I’ve put it here, for the benefit of other OpenRefine users who are curious to follow this route. Regardless of the characteristics of the local processor, this gives access to NLP functions such as classification, summarization, reformulation, translation, or simply correction, extraction of named entities or features, and so on. All this using open models.
The only drawback is that the “json_object” parameter is not recognized, and I can’t explain why.

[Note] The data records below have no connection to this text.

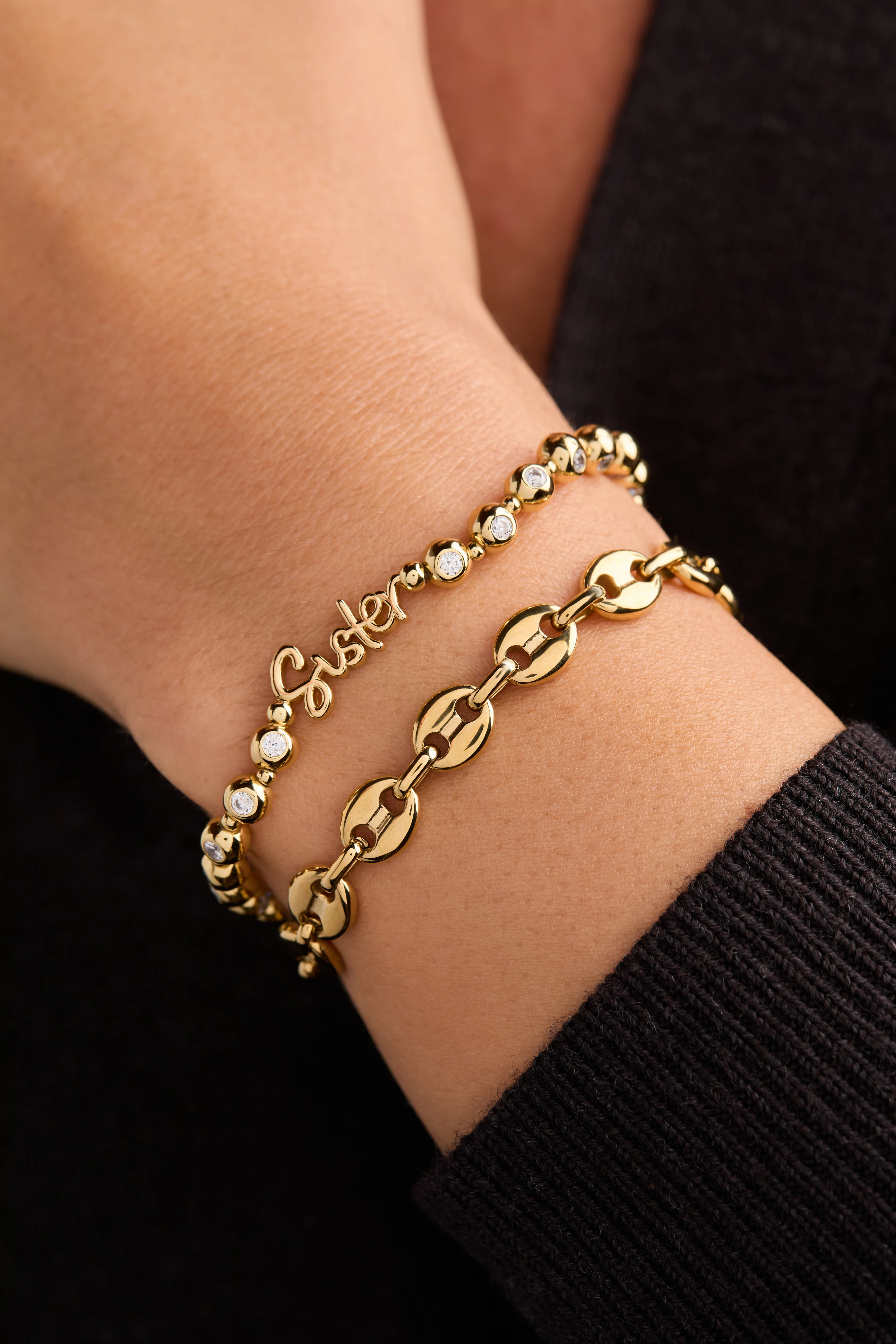 Sister Elongated Crystal Stretch Bracelet - Image 7
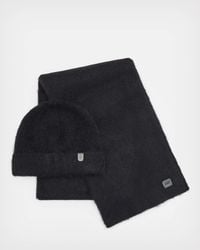AllSaints - Logan Brushed Beanie And Scarf Gift Set - Lyst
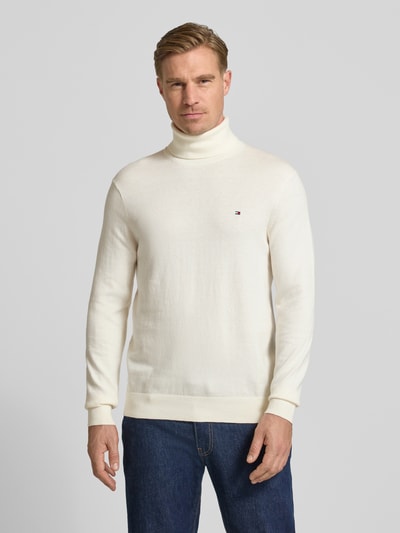 Tommy Hilfiger Regular Fit Rollkragenpullover aus Baumwoll-Kaschmir-Mix Offwhite 4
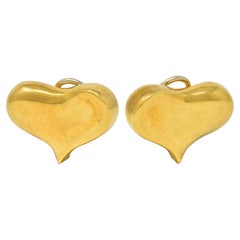 Angela Cummings 1983 Pendientes vintage con forma de corazón en oro amarillo de 18 quilates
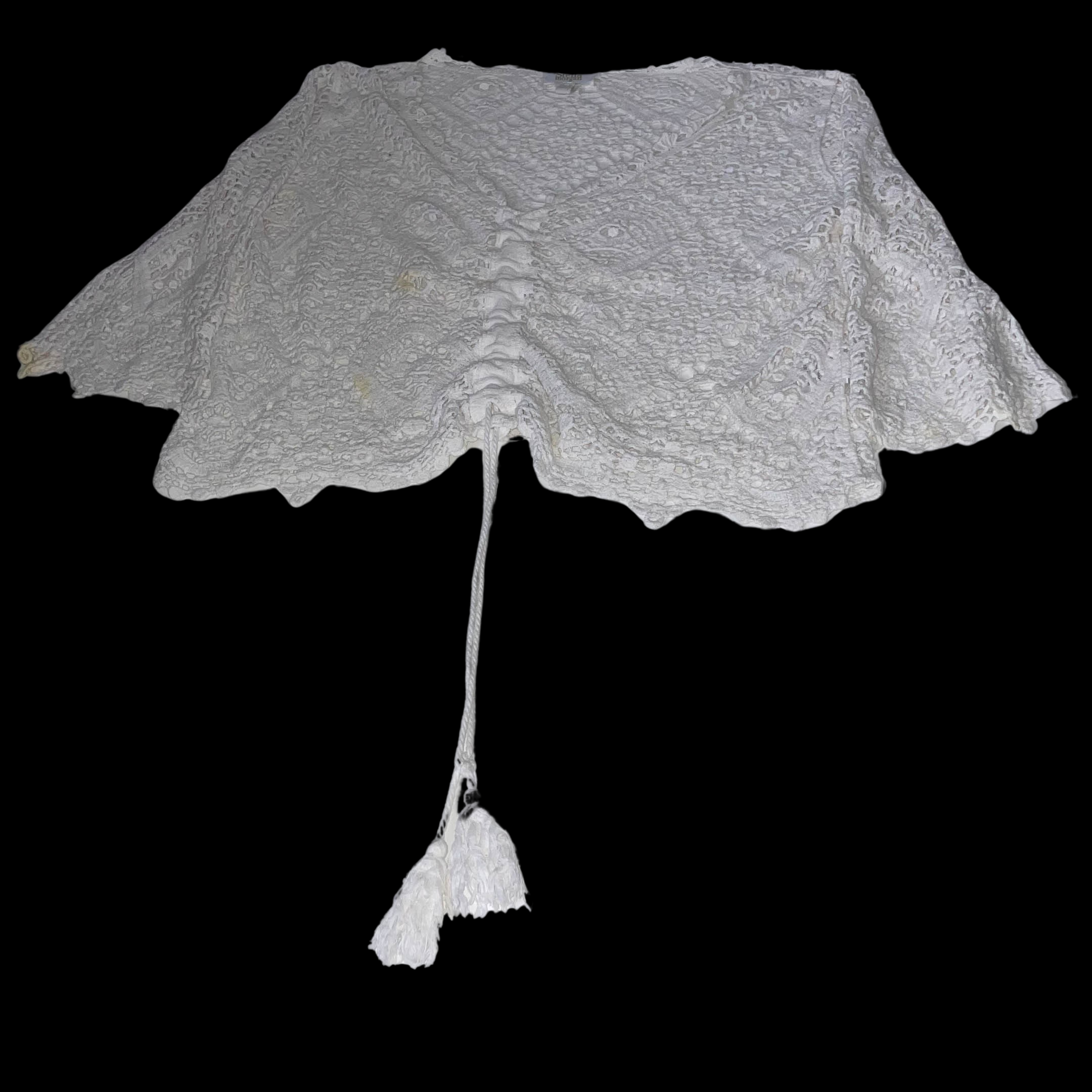 Vintage Stella Morgan womens crochet lace white large top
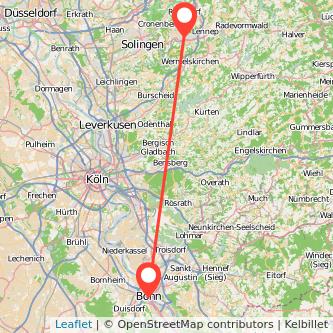 Remscheid Bonn Mitfahrgelegenheit Karte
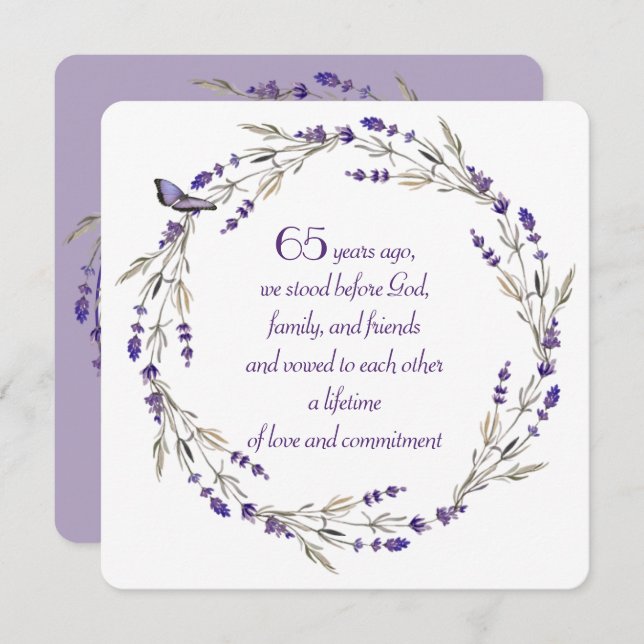 Invitation 65e anniversaire Lavender Wreath (Devant / Derrière)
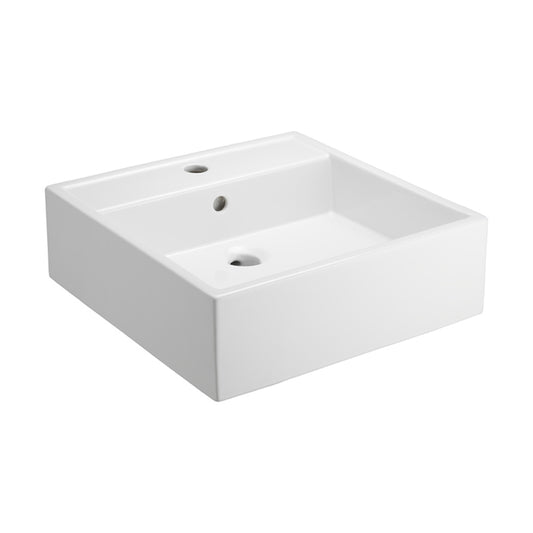 Nova Vessel Basin Sink in White Fire Clay with 1 Faucet Hole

Which leads me to add a complement to the answer I was giving to @TadGuidry: A sensible integration of language models with OpenRefine should offer a small dashboard similar to the one offered by LM Studio for manipulating model parameters, including the “json_object” parameter, by offering the possibility of providing a schema. Alternatively, one could use a less “machine-like”, more intuitive interface, setting the number of columns to be added, their keys, and then “translate” the query behind the hood. This would be like mixing templating, create new colomn, split column and split row in one operation.